■ **SUPPLIED DATA**
________
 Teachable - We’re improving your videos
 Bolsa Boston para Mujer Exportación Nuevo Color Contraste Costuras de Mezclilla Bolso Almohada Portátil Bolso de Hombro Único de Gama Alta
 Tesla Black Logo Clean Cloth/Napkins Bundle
________
■ **AIM OF THE EXERCISE**
The whole listing above needs to be transcribed exactly.

■ **ANSWER AREA**
 Teachable - We’re improving your videos
 Bolsa Boston para Mujer Exportación Nuevo Color Contraste Costuras de Mezclilla Bolso Almohada Portátil Bolso de Hombro Único de Gama Alta
 Tesla Black Logo Clean Cloth/Napkins Bundle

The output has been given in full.